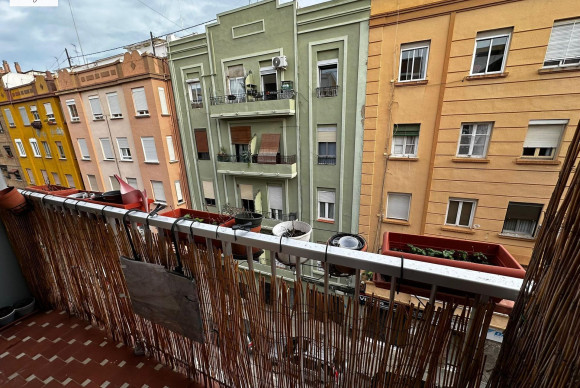 Long Term Rental - Apartment  - Valencia - Mont-Olivet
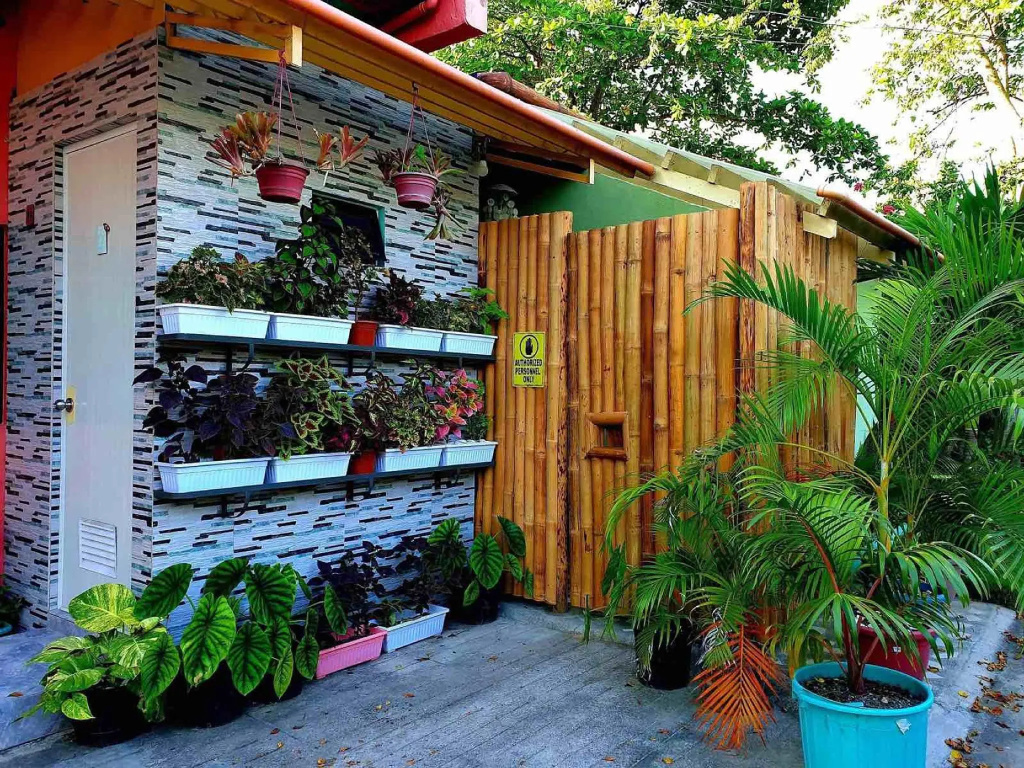 MJs Garden Hotel Moalboal powered by Cocotel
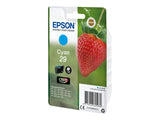 EPSON 1LB Cartridge Fraise Ink Claria Home Cyan w/s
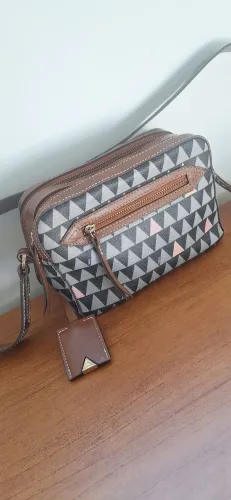Bolsa Triangle Schutz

-------

Task description:
Start at the first line and set down all of the data exactly, passing over the pictures.

Result for this exercise:
 Long Term Rental - Apartment  - Valencia - Mont-Olivet
 MJs Garden Hotel Moalboal powered by Cocotel
 EPSON 1LB Cartridge Fraise Ink Claria Home Cyan w/s
Bolsa Triangle Schutz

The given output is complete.